The Vampire:  The Masquerade rulebook is full of fluff.  Good fluff, mind you, with lots of stories, mood pieces, and interesting set dressing.  Vampire has the distinct advantage that it operates within a somewhat altered version of the real world and thus it can get fairly specific with lore.  In contrast you have DnD which is designed to be able to fit in to any number of different settings with completely alternate geographies, histories, and cosmologies.  That leads to having a rulebook full of numbers and rules because any fluff you put in is likely to conflict with whatever the GM is designing anyway.  I am kind of torn about whether or not I should design skyRPG to be a very modular rules system that can be slotted into any campaign world or build a very specific world myself.

In the past when I have run a campaign I have never used a published world setting.  At least in part that is because I am a finicky bastard when it comes to running DnD campaigns and I never wanted to say "Okay, ahead of you there is an endless desert" and have the players come back with "No, there is a city here....".  I think the greater problem though was that the published settings were the source for books and manuals and ended up full of crap.  While I did read some DnD novels when I was young and really enjoy them I find the worlds they built to be really bad.  The worlds were just so ridiculously full of over the top magic that I couldn't wrap my mind around actually running a game in them.  In a world full of 20th level wizards it is quite the challenge to make the characters into heroes; if the problem is important then a godlike being can just swoop in to fix it and if it isn't important the characters shouldn't bother.
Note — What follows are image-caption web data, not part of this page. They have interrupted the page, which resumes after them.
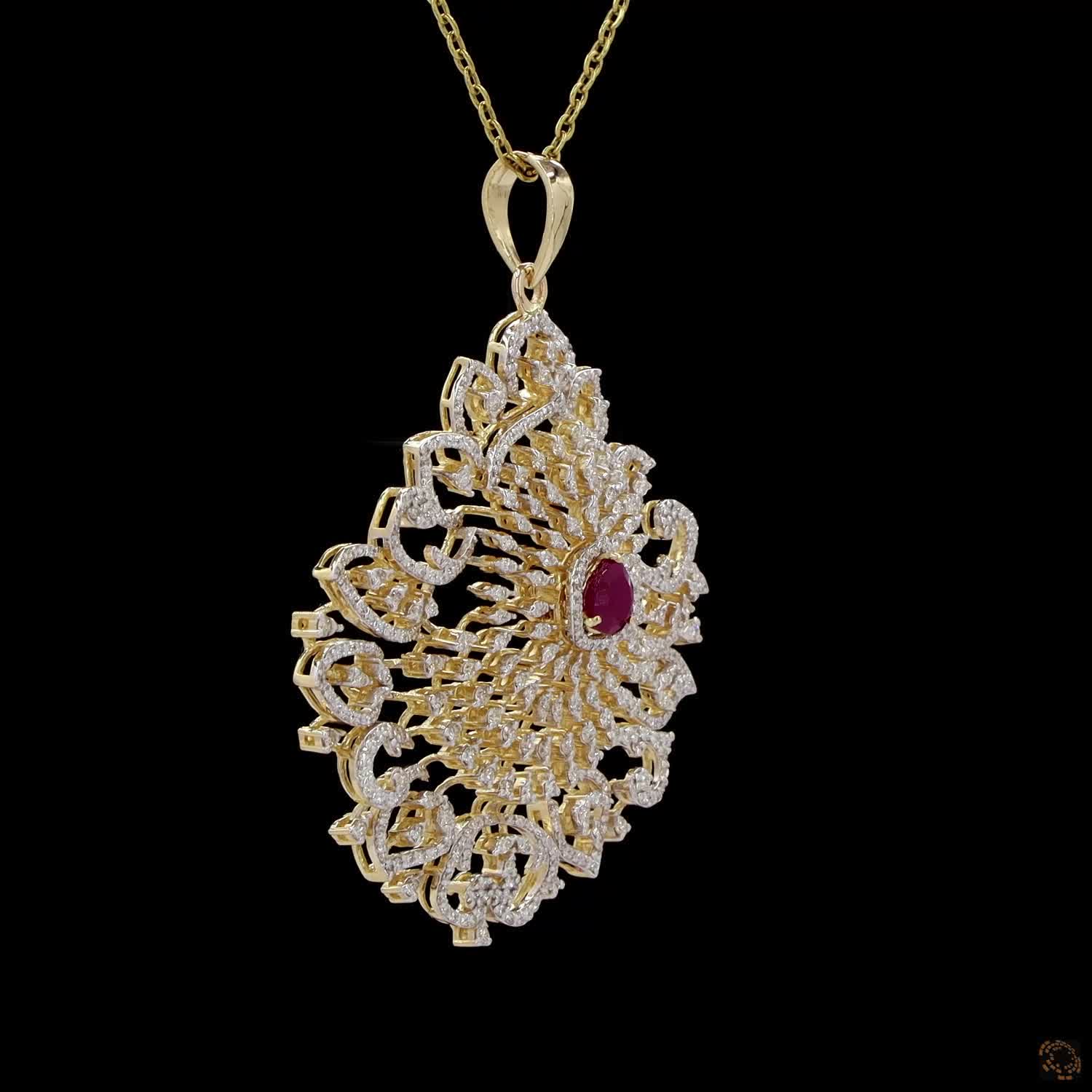 Emerald & Ruby Diamond Pendant in 18KT Yellow Gold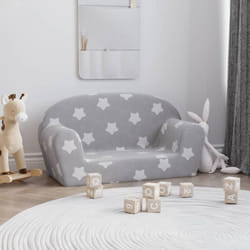 Divano Bambini 2 Posti Grigio Chiaro con Stelle Morbido Peluche Vidaxl 24982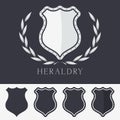 Heraldic Blank Shield with Wreath Sign Vector Illustration. Symbol and Emblem of Security and Protect. Design Elements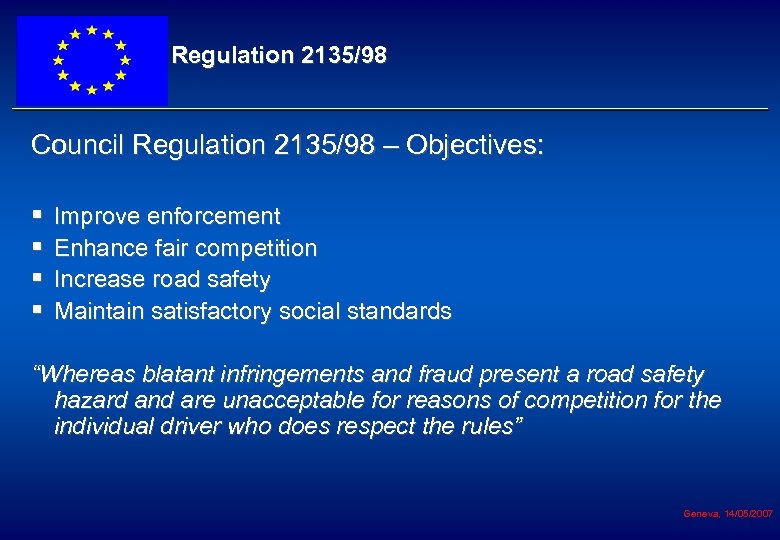 Regulation 2135/98 Council Regulation 2135/98 – Objectives: § § Improve enforcement Enhance fair competition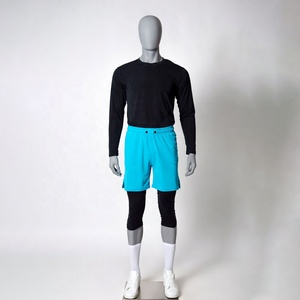 Premium Quality High Waist Activewear Sublimation Short Double Layer Awrah Shorts for Muslim Men <b>Islamic</b> Swimwear Knee Length - Product Image 1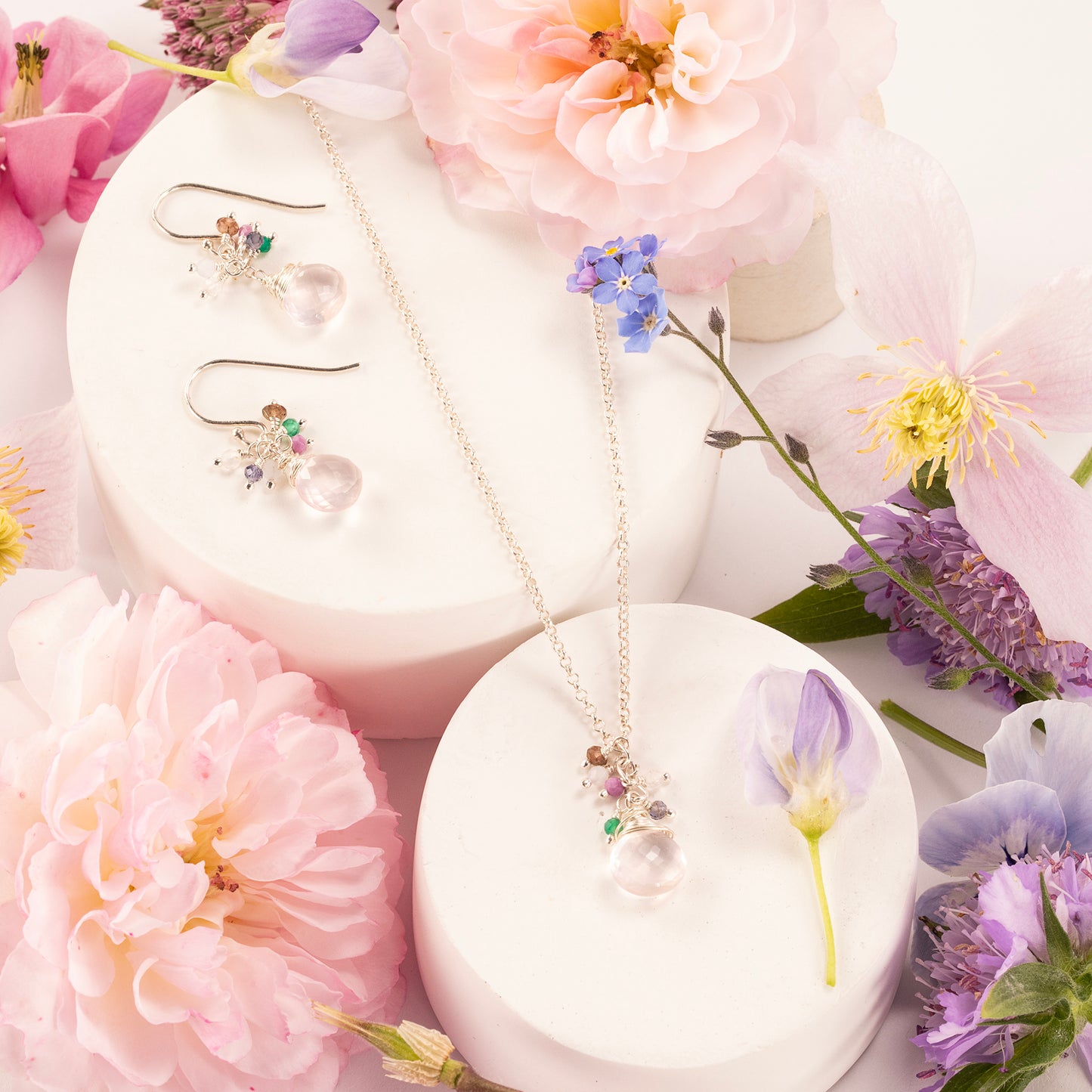 Summer Colour Palette Inspired Earrings - Rose Quartz Gemstones & Silver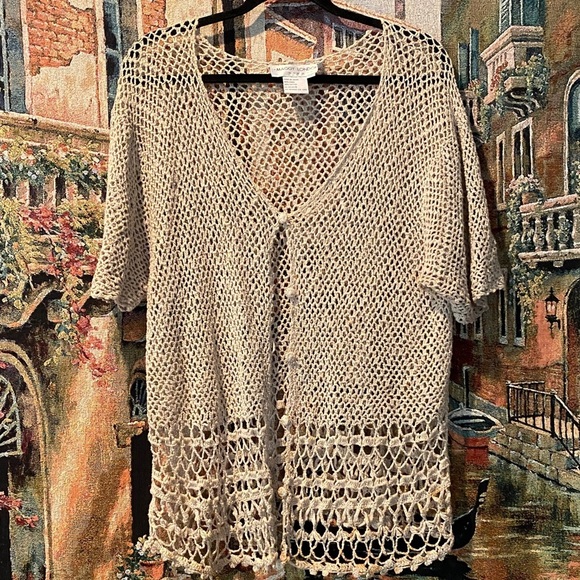 5 for $30 Maggy London Cream Crochet Cardigan - Picture 1 of 4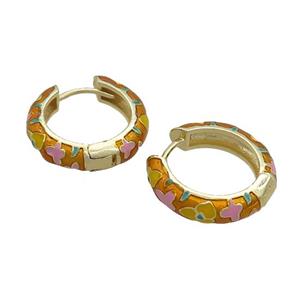 Copper Hoop Earrings Golden Enamel Gold Plated, approx 19mm dia [FN36833]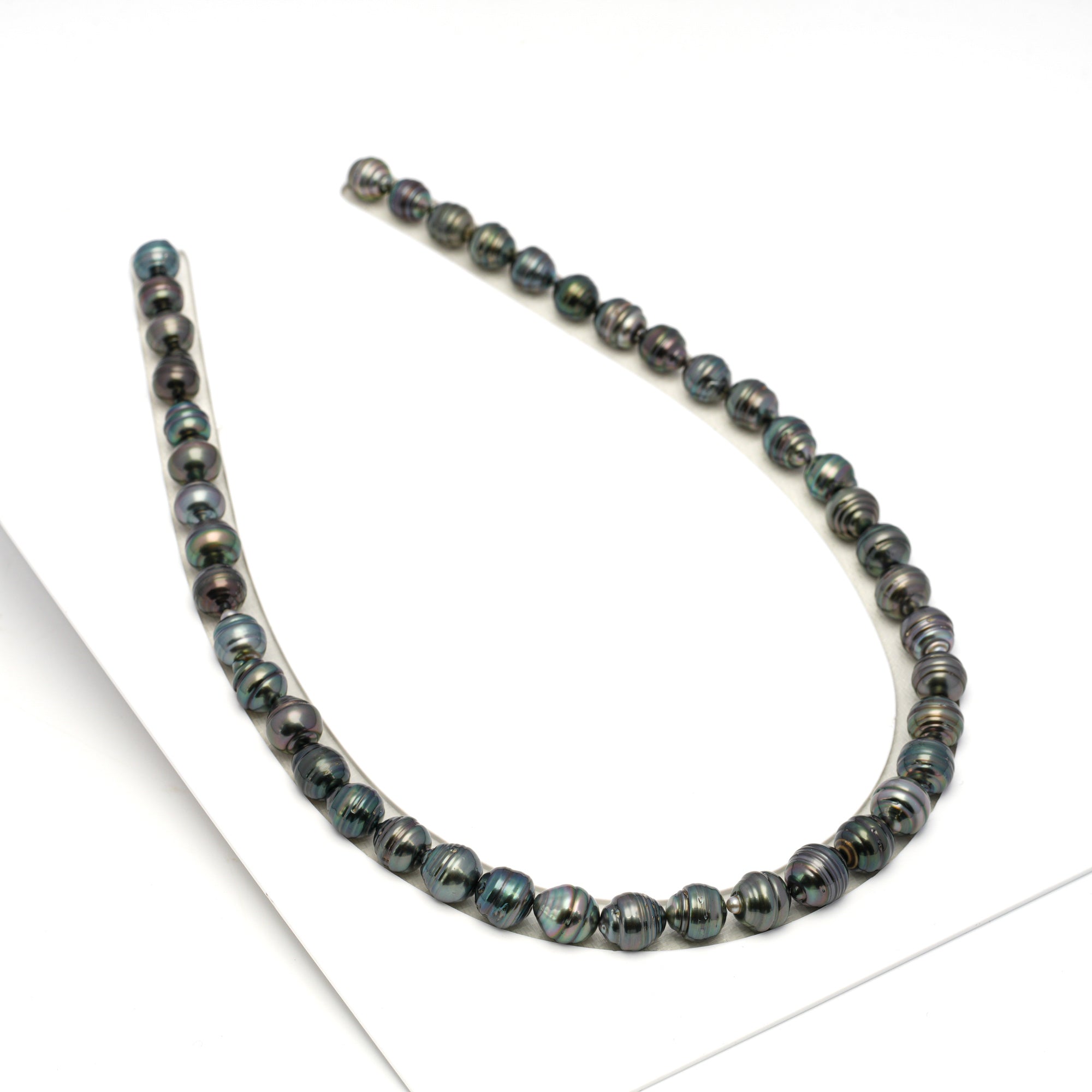 43pcs Dark 8-10mm - CL AAA/AA Quality Tahitian Pearl Necklace NL1674 HL4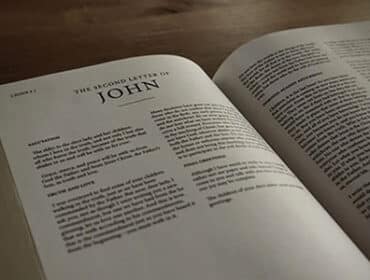 Bible opened to the book of 2 John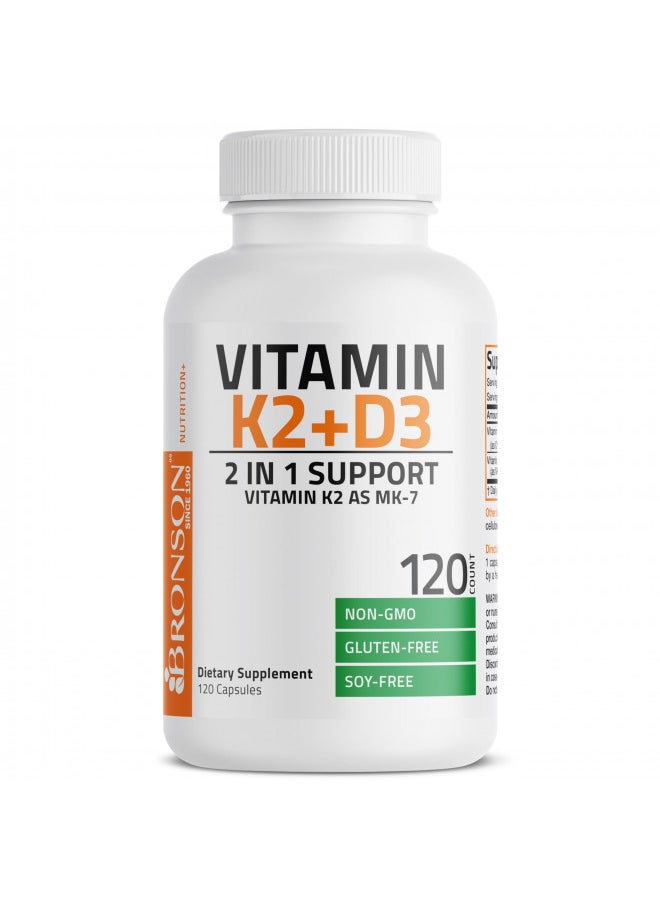 Bronson - Bronson Vitamin K2 (MK7) with D3 Supplement Non-GMO Formula 5000 IU Vitamin D3 & 90 mcg Vitamin K2 MK-7 Easy to Swallow Vitamin D & K Complex, 120 Capsules - Image 1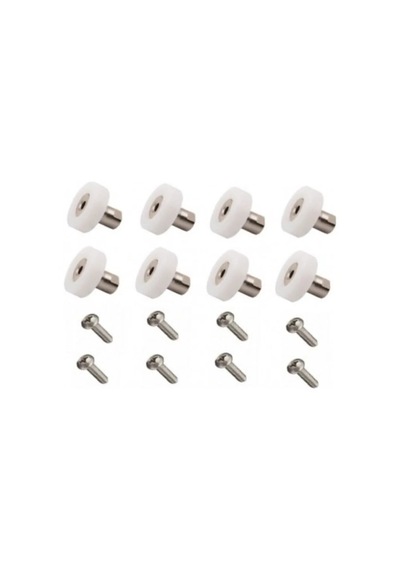 Bella Pleksi Düz Seri Duşakabin Tekeri 8li Set Uzun Pimli 19 Mm Teker Çapı Sarı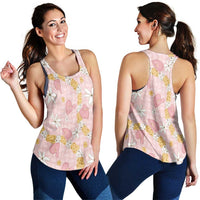 Hawaii Anthurium Tiare Pikake Lei Women Racerback Tank Akala Lauhala Art Pattern LT01 - Polynesian Pride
At the moment I have a rules system with some lore tacked on there and there.  Most of the remaining work is writing up all of the lovely fluff that needs to be there to fill the book and I figure I should try to build some kind of world that doesn't suck as the basis for the game.  More like Vampire than DnD then, in that I would like it to be entirely feasible to run the game in a different setting but I want to make it easy to just walk straight into the game if that is what people want to do.  I should actually give Warhammer Fantasy Roleplay big props here.  That single book had all the rules, monsters, a world, and even a totally reasonable first adventure.  If only the rules and mechanics weren't such utter rubbish!